The dressing down they get from their parents is generally sufficient to 
prevent a recurrence. The courts know this,  impose a fine and let the 
family deal with the matter.

This option is now to be closed off by the Libs' proposals, and first 
offenders given "custodial sentences", with all the fear and horror and 
anger that that entails.

"Mrs Chikarovski's ... policies embrace the belief that our young people 
constitute a dire threat to public safety", says the P&C Federation, and 
"are not entitled to the same civil rights as other citizens and can only 
be controlled by the full force of the police and the judiciary".

The capitalist-owned mass media are co-operating with this campaign to 
instill in the community a fear of young people as youth who are "out of 
control".

The reporting of crime is emotional and distorted, presenting a fearsome 
picture of a society beset by random, senseless acts of violence that have 
no discernible cause or social base but can only be "fought" by adopting 
defensive postures: security screens and alarms for your homes and armed 
police to "blow the bad guys away".

As the P&C Federation says: "The real and difficult social issues like 
poverty, alienation, unemployment, homelessness, family dislocation and 
youth suicide are being ignored while the major parties shamelessly play to 
the galleries in their bidding war of simplistic, glib and totally 
discredited policies."

Discredited is certainly right: Australia was founded on the labour of 
people transported in chains to Botany Bay for seven years, under truly 
frightful conditions, for the most trivial of offences. One of my ancestors 
was transported for stealing food.

Harsh sentences provided convict labour for the American colonies and later 
for Australia, but had no effect on the crime rate in England.

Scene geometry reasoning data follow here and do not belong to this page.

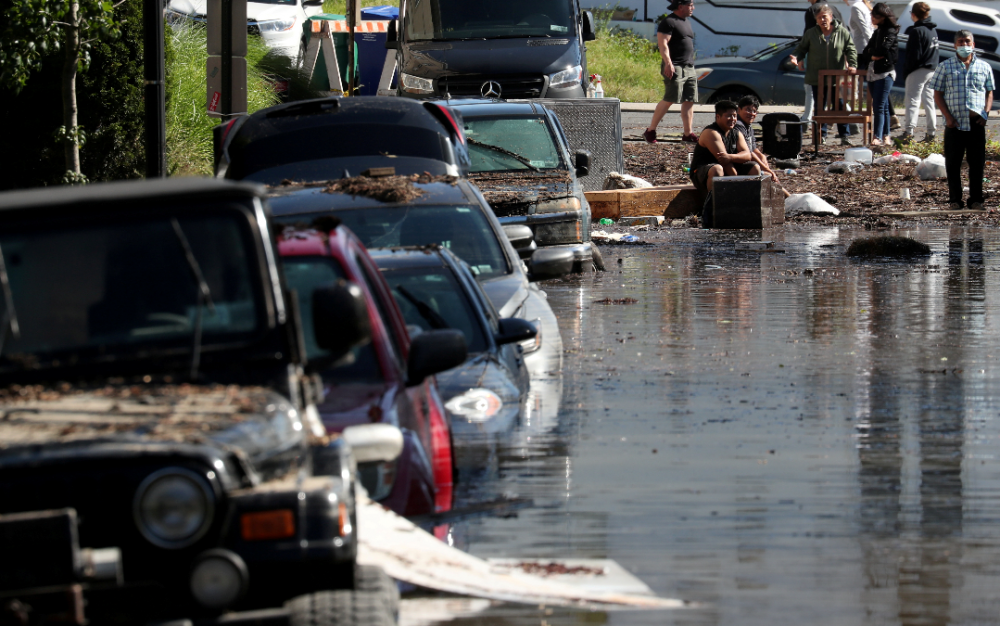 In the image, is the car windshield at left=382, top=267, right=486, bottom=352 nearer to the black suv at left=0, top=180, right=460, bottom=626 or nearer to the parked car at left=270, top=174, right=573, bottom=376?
the parked car at left=270, top=174, right=573, bottom=376

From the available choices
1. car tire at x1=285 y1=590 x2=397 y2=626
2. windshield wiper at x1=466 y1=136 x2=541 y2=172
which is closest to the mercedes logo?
windshield wiper at x1=466 y1=136 x2=541 y2=172

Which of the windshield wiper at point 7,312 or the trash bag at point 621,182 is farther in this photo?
the trash bag at point 621,182

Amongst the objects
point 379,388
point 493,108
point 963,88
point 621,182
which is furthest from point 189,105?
point 379,388

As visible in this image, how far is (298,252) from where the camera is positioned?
5930mm

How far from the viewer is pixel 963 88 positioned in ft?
57.8

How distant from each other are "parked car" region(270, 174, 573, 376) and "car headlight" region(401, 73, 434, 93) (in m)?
9.25

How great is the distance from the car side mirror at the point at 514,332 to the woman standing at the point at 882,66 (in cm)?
1715

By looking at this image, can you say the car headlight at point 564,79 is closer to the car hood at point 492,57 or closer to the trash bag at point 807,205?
the car hood at point 492,57

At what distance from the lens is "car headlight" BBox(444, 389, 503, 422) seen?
23.5 ft

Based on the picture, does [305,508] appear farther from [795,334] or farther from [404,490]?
[795,334]

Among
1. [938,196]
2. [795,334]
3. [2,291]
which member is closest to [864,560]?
[2,291]

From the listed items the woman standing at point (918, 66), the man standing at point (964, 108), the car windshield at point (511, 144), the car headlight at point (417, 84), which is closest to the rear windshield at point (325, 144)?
the car windshield at point (511, 144)

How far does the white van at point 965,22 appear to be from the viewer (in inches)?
1244

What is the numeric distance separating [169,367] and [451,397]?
9.67 ft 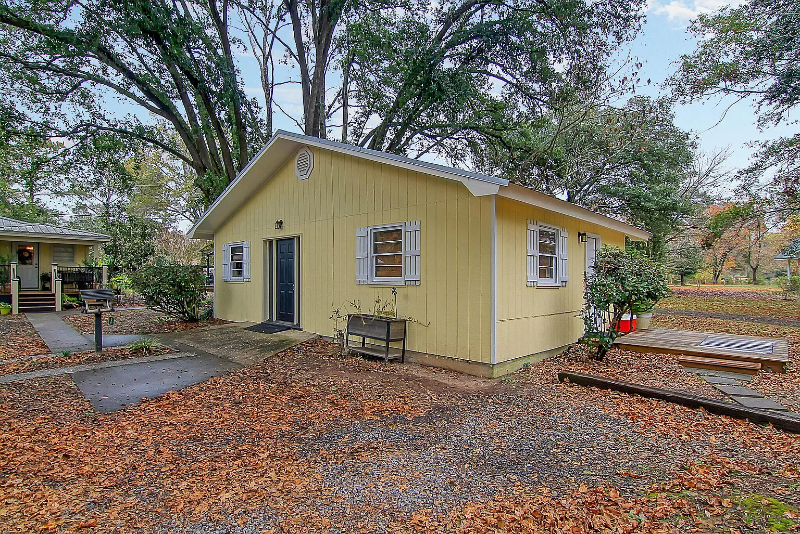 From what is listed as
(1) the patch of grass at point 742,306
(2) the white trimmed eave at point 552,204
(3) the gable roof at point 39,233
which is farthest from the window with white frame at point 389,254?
(3) the gable roof at point 39,233

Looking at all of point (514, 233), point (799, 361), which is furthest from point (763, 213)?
point (514, 233)

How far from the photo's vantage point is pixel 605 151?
14406 mm

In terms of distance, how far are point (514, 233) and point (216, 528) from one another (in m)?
5.05

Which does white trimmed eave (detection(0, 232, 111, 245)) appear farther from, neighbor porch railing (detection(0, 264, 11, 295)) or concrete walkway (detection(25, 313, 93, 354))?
concrete walkway (detection(25, 313, 93, 354))

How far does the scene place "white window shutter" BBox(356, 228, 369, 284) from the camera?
7.22m

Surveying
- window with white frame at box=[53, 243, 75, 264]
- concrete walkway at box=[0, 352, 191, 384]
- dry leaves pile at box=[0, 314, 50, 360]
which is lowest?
concrete walkway at box=[0, 352, 191, 384]

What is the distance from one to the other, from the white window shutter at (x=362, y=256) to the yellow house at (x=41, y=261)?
12.5 m

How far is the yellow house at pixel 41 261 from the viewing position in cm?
1358

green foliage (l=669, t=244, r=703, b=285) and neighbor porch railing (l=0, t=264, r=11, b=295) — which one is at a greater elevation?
green foliage (l=669, t=244, r=703, b=285)

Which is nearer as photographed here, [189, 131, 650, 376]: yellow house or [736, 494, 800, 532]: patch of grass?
[736, 494, 800, 532]: patch of grass

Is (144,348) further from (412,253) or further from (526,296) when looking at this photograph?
(526,296)

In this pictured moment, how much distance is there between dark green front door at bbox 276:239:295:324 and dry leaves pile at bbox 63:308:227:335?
236cm

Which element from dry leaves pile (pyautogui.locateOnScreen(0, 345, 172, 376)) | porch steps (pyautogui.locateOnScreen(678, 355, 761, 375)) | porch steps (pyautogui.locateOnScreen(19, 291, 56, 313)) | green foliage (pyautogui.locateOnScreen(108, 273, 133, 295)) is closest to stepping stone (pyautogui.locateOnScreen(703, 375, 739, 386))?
porch steps (pyautogui.locateOnScreen(678, 355, 761, 375))

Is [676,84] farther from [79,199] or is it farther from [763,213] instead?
[79,199] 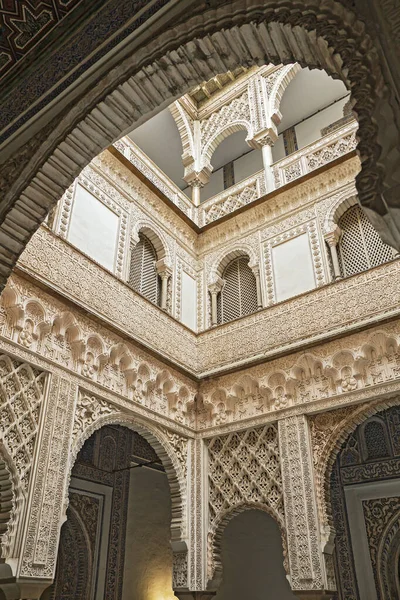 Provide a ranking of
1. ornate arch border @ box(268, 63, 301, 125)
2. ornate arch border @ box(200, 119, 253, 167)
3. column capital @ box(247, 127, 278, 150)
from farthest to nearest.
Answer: ornate arch border @ box(200, 119, 253, 167)
ornate arch border @ box(268, 63, 301, 125)
column capital @ box(247, 127, 278, 150)

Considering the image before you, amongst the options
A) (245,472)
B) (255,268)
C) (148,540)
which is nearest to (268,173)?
(255,268)

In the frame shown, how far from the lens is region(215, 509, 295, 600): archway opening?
7.34 m

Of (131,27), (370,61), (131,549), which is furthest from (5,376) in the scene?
(131,549)

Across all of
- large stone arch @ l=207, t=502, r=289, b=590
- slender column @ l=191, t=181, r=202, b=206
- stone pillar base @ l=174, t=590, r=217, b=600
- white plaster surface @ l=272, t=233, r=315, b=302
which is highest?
slender column @ l=191, t=181, r=202, b=206

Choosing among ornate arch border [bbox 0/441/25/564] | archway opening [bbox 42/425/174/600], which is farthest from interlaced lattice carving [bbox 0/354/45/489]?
archway opening [bbox 42/425/174/600]

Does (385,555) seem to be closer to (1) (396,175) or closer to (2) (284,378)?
(2) (284,378)

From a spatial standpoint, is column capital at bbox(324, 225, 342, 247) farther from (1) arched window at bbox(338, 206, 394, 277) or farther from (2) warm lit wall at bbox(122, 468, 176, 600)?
(2) warm lit wall at bbox(122, 468, 176, 600)

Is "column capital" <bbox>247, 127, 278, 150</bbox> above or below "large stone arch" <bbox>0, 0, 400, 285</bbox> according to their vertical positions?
above

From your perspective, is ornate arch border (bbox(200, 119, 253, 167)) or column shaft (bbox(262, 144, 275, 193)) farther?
ornate arch border (bbox(200, 119, 253, 167))

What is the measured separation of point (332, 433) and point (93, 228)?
326cm

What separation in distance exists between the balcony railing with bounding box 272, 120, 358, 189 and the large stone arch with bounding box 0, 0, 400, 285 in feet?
14.6

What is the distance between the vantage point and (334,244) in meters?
6.04

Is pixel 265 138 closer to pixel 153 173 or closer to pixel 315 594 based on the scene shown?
pixel 153 173

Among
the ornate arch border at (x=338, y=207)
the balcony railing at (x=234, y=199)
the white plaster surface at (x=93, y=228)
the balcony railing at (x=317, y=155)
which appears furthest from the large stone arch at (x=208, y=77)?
the balcony railing at (x=234, y=199) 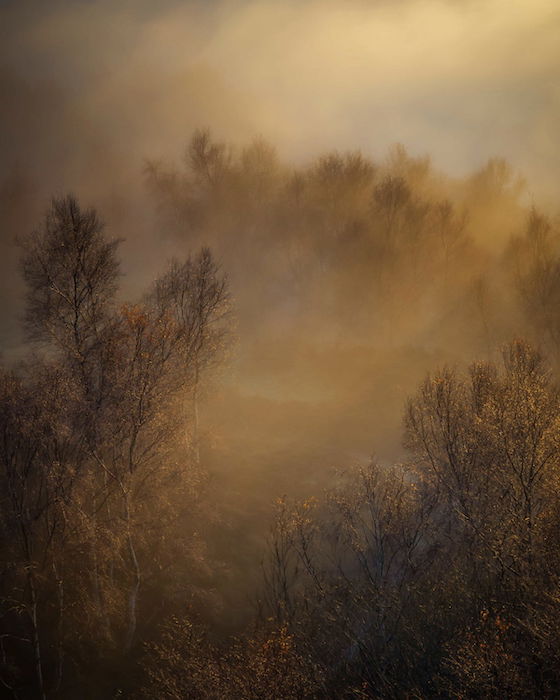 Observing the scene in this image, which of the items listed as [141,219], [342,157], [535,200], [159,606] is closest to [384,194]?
[342,157]

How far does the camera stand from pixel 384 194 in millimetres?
49500

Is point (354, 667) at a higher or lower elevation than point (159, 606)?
lower

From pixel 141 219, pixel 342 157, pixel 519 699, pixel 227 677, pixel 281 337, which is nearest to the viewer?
pixel 519 699

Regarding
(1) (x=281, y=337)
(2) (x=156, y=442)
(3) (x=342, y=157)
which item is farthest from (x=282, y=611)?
(3) (x=342, y=157)

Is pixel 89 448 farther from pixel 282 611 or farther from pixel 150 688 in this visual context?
pixel 282 611

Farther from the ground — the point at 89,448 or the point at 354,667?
the point at 89,448

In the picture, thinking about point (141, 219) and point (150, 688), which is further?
point (141, 219)

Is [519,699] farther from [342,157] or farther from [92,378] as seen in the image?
[342,157]

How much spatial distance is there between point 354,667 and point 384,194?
47.9 metres

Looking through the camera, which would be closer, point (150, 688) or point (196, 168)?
point (150, 688)

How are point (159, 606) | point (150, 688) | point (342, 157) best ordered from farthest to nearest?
1. point (342, 157)
2. point (159, 606)
3. point (150, 688)

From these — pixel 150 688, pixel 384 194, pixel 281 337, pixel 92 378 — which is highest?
pixel 384 194

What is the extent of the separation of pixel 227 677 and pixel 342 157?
56.5 meters

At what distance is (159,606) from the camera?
18172 millimetres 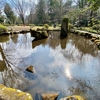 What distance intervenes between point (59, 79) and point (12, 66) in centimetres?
221

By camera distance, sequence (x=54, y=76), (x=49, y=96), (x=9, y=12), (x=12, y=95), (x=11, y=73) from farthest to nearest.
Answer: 1. (x=9, y=12)
2. (x=11, y=73)
3. (x=54, y=76)
4. (x=49, y=96)
5. (x=12, y=95)

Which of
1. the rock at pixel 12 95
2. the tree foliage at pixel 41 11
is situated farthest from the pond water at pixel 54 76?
the tree foliage at pixel 41 11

That 
declined with the improvement in the conditions of the working people as 
capitalism developed and needed more — and more skilled — workers.

Like terrorism, the bogey of "the drugs menace" is being thrown around in 
an unprincipled manner to scare people into accepting a heightened degree 
of police power and a corresponding decrease in democratic rights and 
liberties, things which capitalist governments could not ask for outright 
but which they sense they may need in the near future if (when) the big 
stock market crash comes.

* * *
Wall of kisses Graffiti of course can be of all kinds. The endlessly repeated tags of "bombers" on the sides of railway carriages are a form of vandalism with little imagination: they are essentially a way of cocking a snook at authority, and for kids with no future and little real education it probably fills a real need. The answer to that mindless scribble is to fill their lives with meaning, but that requires jobs, culture, purpose and a sense of fulfillment. There are other types of graffiti, however, that don't call down the kind of draconian responses being indulged in by Mrs Chikarovski. In fact, there have been a number of books of witty, intelligent graffiti, taken from public noticeboards, public toilets and off "defaced" billboards. I remember, the gents' toilets at the Mandolin Cinema in Sydney were a source of constantly renewed wall scrawls, not overly witty but hardly something you would wish anyone in jail for, either. The female toilets, however, were distinctively different. The standard of scribble in the stalls was somewhat higher, but what impressed us most when we discovered it (I did not go in there as a rule you understand unless the plumbing needed attention) was the "wall of kisses". At some point the wall at right angles to the washbasins (and mirrors) had been painted white, to cover some repair work. It was not long before someone, after applying their makeup turned and planted a big lipstick kiss on the white wall. This was soon followed by others, until that section of wall became covered in them, from near the floor to where the kisser must have stood on tippy toe to reach. As a form of graffiti, it was distinctive, striking and somewhat of a talking point. Was it a jailable offence, Mrs Chikarovski?